The Revisionaries Explores the Texas Board of Education's Fight Against Science, History

The Revisionaries director Scott Thurman didn't set out to make a movie about the Texas State Board of Education's attempts to roll back scientific thought and rewrite the historical narrative of the United States. In the beginning, he was simply planning a short film about a local biology teacher, but Thurman became gradually and inexorably caught up in the political debate over the teaching of evolution in public schools. The rest, as they say, is focus-committee-approved history.
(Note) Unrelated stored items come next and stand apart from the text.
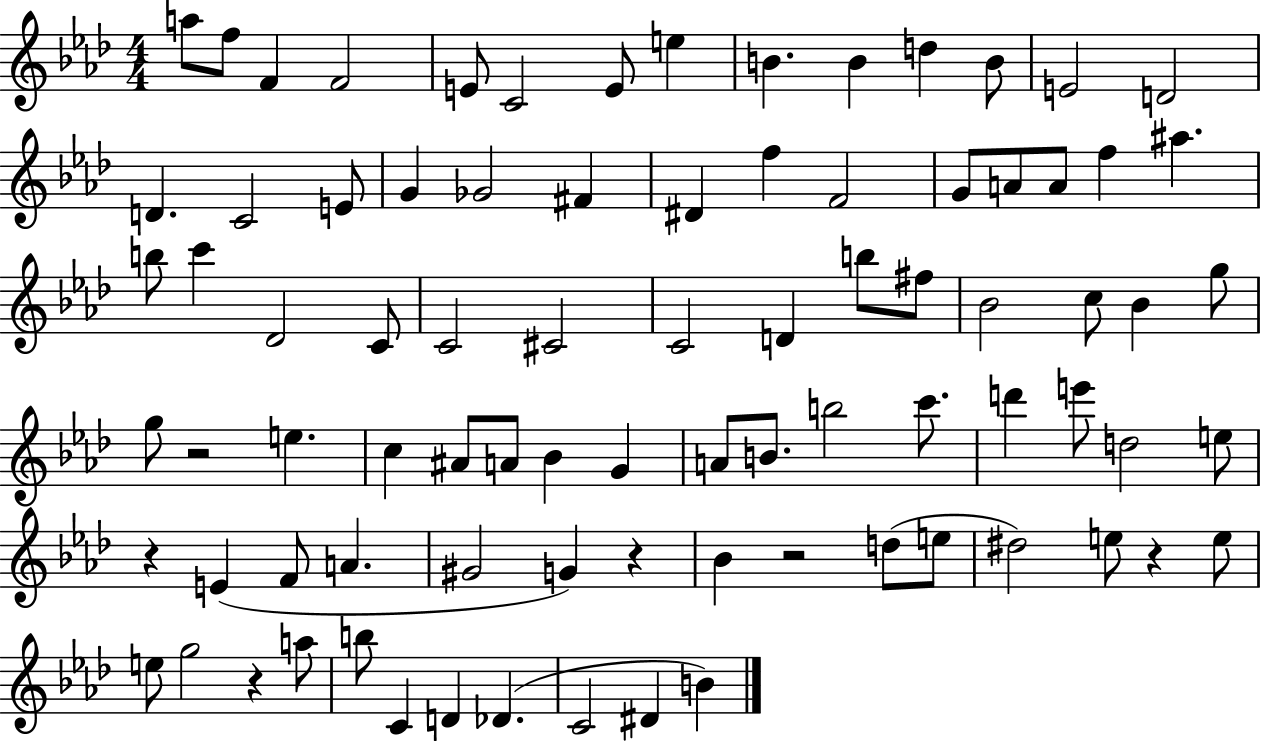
X:1
T:Untitled
M:4/4
L:1/4
K:Ab
a/2 f/2 F F2 E/2 C2 E/2 e B B d B/2 E2 D2 D C2 E/2 G _G2 ^F ^D f F2 G/2 A/2 A/2 f ^a b/2 c' _D2 C/2 C2 ^C2 C2 D b/2 ^f/2 _B2 c/2 _B g/2 g/2 z2 e c ^A/2 A/2 _B G A/2 B/2 b2 c'/2 d' e'/2 d2 e/2 z E F/2 A ^G2 G z _B z2 d/2 e/2 ^d2 e/2 z e/2 e/2 g2 z a/2 b/2 C D _D C2 ^D B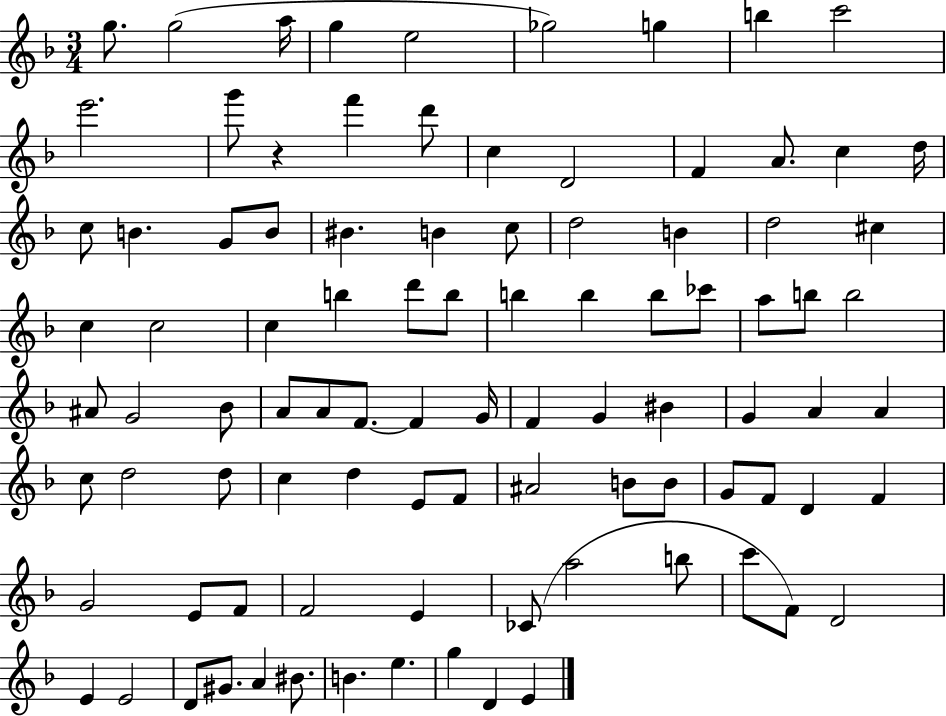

If you were under the impression that the theory of evolution enjoyed widespread acceptance as the most rigorously tested, scientifically respected explanation for the development of life on earth, you're probably living somewhere other than the United States. A recent poll showed that fewer than half of Americans believe human beings "developed from other species of animals" (next to last among Western countries, and only slightly ahead of Turkey). Enter the Texas SBOE. Following the 2006 elections, seven of the 15 seats on the board were held by conservative Republicans (with another member described as a "close ally"). This majority allowed the board to demand wording be added to school textbooks questioning the scientific consensus of evolution and reframing our nation's history to more strongly emphasize Christian principles.

"So what?" you might ask. "Who cares what a bunch of 10-gallon-hat-wearing Texans decide to teach their kids?" For starters, only a few of us wear hats. Second, in Texas, the state itself — not individual school districts — decides which textbooks can be bought. This makes Texas one of the largest markets for textbooks in the United States, with publishers naturally catering to the whims of their biggest buyers. In short, those Texans have an outsize power in setting textbook standards for the country.

Details

The Revisionaries

Directed by Scott Thurman.

The Revisionaries follows the board's most recent round of textbook-standards hearings, with the spotlight on then-board chairman Don McLeroy. McLeroy, a dentist by trade, is an avowed "young-earth creationist" and sees no conflict between his personal beliefs and his duties overseeing the science standards for millions of public-school students. His apparent befuddlement throughout the film, whether he's hearing testimony from state science teachers or being questioned on matters of evolutionary theory by opponents, would be amusing if the ramifications weren't so significant.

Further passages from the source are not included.